The first presidential transition legislation, enacted in 1964, called for some government funding for transitions after the election. This was an important development, as John F. Kennedy’s transition cost more than $300,000 – about $2.6 million in today’s dollars – paid for by a combination of Democratic National Committee funds and his own. The 2010 Pre-Election Presidential Transition Act funded a transition and provided office space for both major-party candidates as soon as they accepted the nomination at their conventions. (This is fine when one candidate is a challenger and one an incumbent, but the 2016 campaign had two challengers in Donald Trump and Hillary Clinton. The GSA put both staffs in the same building, which led to some uncomfortable elevator rides.)
• Myth No. 4: Transitions show how an administration will operate.
Bill Clinton’s chaotic transition led to early speculation that his would be a “failed presidency,” as his press secretary Dee Dee Myers recalled in an interview for PBS’ “Frontline.” “You know, 10 days into Bill Clinton’s first term.” Michael Lewis’ book “The Fifth Risk” established the now-conventional wisdom that the chaos of Trump’s presidency was foretold when aides tossed the briefing books that had been prepared for his transition head, New Jersey Gov. Chris Christie.
It’s true that the inexperience of the Trump team amplified the chaos during the handoff and afterward. He had only 28 Senate-confirmed positions filled by the end of his first 100 days, compared with Barack Obama’s 69. George W. Bush had 35 after a chaotic and truncated transition that lost 36 days to election uncertainty. One staffer recalled the Bush transition being filled with “a bunch of chickens running around without heads,” and the administration started before the White House could manage to print internal phone books that would allow staffers to call one another. Yet Bush had a fairly buttoned-down, process-driven administration, albeit one that faced more than its share of crises.
On the other side of the ledger was Nixon, the former senator and vice president, who knew what he wanted in his government and had his transition operate accordingly.

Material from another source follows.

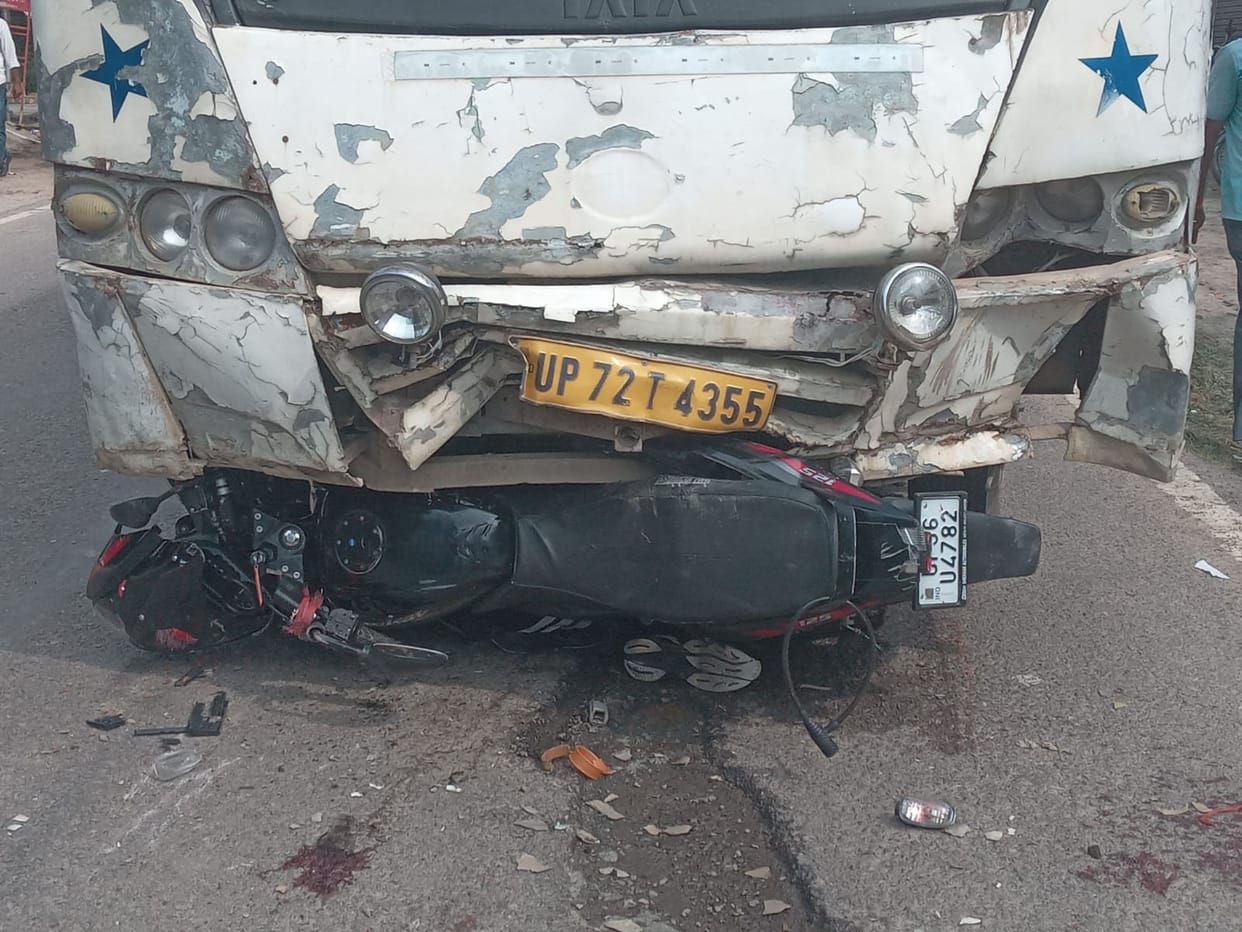 Bike hit by bus; couple and young child injured.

Brookings Institution scholar and former White House aide Stephen Hess wrote that “Richard Nixon’s transition was one of the smoothest in recent memory.” We know how that turned out.
• Myth No. 5: Biden faces a very difficult transition.
“This is going to be the most hostile and tumultuous presidential transition in modern history,” Georgetown scholar Rebecca Lissner told CNN. “It could be the bumpiest transition of power in almost 100 years,” KCTV News reported.
This needn’t be the case. Other presidents have entered office during crises, including Franklin D. Roosevelt in the Great Depression and Barack Obama in the 2008 financial crisis. More than any other period in a presidency, the transition is about the incoming team. A presidential administration is constantly buffeted by external events, be they bureaucratic or legislative resistance, international developments or media revelations. A transition is largely an internal exercise, and the results are up to the incoming president and the surrounding aides. If the transition works well, it’s a tribute to them, but if it falters, there is no one to blame but themselves.